Supreme Court Remands Abbott v. Burke to Lower Court for Fact Finding

Justice's order appears to put burden of proof on Christie administration

In the Assembly chamber of the Statehouse on Tuesday, justices of New Jersey’s Supreme Court listened as Gov. Chris Christie in his State of the State address made a not-so-subtle jab at the Abbott v. Burke school funding case.

“We must end the myth that more money equals better achievement,” Christie said. “It is a failed legal theory, and we can no longer waste our children’s time or the public’s money waiting for it to work.”

Two days later, the justices answered back: “Not so fast.”

The court yesterday ordered the latest Abbott challenge to Christie’s $1.1 billion in school aid cuts be remanded to a lower court for fact-finding hearings. The justices are essentially asking for a determination as to whether the reductions in school aid left public schools in an unconstitutional state.

The remand to a “special master” was not surprising, since virtually every one of the justices had hinted as much in oral arguments a week ago. The same judge who held the post during the 2009 round of Abbott hearings will again fill the position.

The Burden of Proof

Perhaps more surprising, the court appeared to give a boost to the plaintiffs. In an order issued by Justice Virginia Long, the all-important burden of proof rests on the Christie administration. It is charged with showing that all schools — rich and poor — were continuing to provide “thorough and efficient education” in the face of widespread layoffs and program cuts.

“The state must bear the burden of demonstrating the present level of school funding… can provide for a thorough and efficient education as measured by the comprehensive core curriculum standards in districts of high, medium and low concentrations of disadvantaged students,” read Long’s order, in part.

The remand drew immediate reaction from both sides. The Education Law Center (ELC) — the advocacy group that has led the Abbott litigation — cited the statement as almost a victory in itself.

“The Supreme Court has again reaffirmed that the state’s responsibility to provide a thorough and efficient education is fundamental and extends to all students,” said David Sciarra, the ELC’s executive director and lead attorney.

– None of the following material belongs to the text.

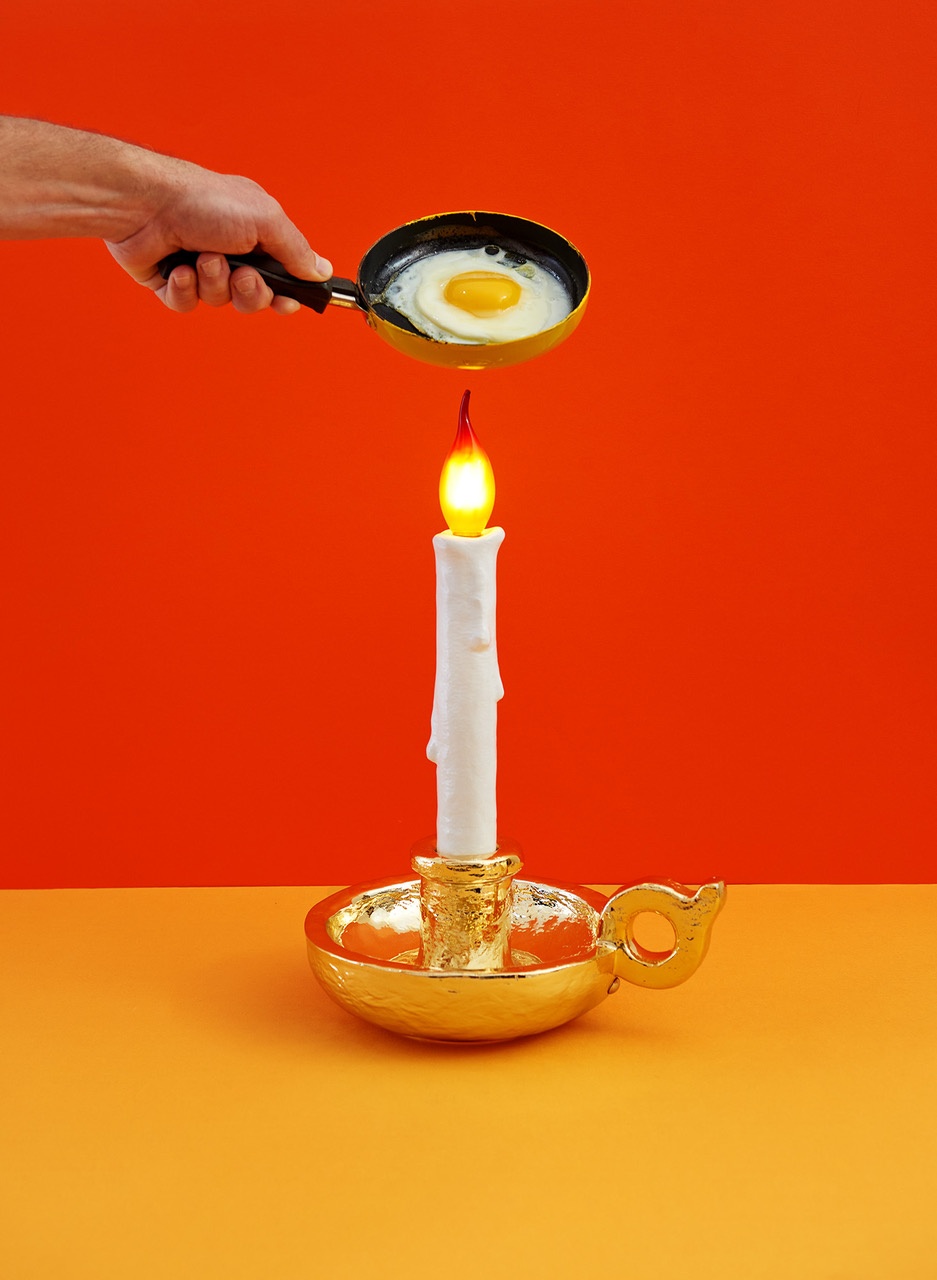 Grimm Lamp Akkuleuchte: Weißes LED-Kerzenlicht in goldenem Kerzenständer, darüber eine Bratpfanne mit Spiegelei.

Christie’s office said his cuts were necessary to close a deep budget gap and were made equitably across all districts. Spokesman Michael Drewniak reiterated the governor’s State of the State address, calling the court’s edicts part of the “failed education and funding policies of the past.”

“The Governor pointed to the continued achievement gap between students in urban vs. suburban districts, despite the massive infusions of funding and per-pupil cost in some districts,” said Drewniak.

Fact-Finding Hearings

In its order, the court asked that Superior Court Judge Peter Doyne of Bergen County hold the fact-finding hearings and report back by March 31, prime time for both the state’s budget deliberations and the local school budget decisions.

Even the choice of Doyne drew some conjecture as to its significance. Doyne is the judge who held the fact-finding hearings in 2009, leading up to the court’s last Abbott ruling, which is now the core of the current case.

Doyne’s report, which some saw as sympathetic to the law center’s case, included a recommendation for the court to temporarily extend funding for supplemental programs such as extra counselors, tutors and after-school services.

In the end, the court did not follow Doyne’s advice on that point. Instead, it ruled in favor of a new school-funding formula proposed by then-Gov. Jon Corzine, which came without that supplemental money.

“Here is a guy [Doyne] who actually thought there should be more generous state funding,” said Paul Tractenberg, the Rutgers University law professor who first brought the Abbott case as a founder of the Education Law Center. “And now he’s confronted with a 14 percent reduction.”

Still, Doyne did not make many friends on the plaintiff’s side of the courtroom, Tractenberg said. In the same report he was almost dismissive of some of the ELC’s expert witnesses.

Either way, Doyne does brings the advantage of being well-versed in the case. And he wasted little time yesterday ordering the lawyers to his courtroom next Tuesday to lay out a schedule and other procedures for the upcoming hearings.

Known for being pleasant, collegial, and extremely hard working, Doyne closed his letter to the lawyers: “I shall look forward to working with you.”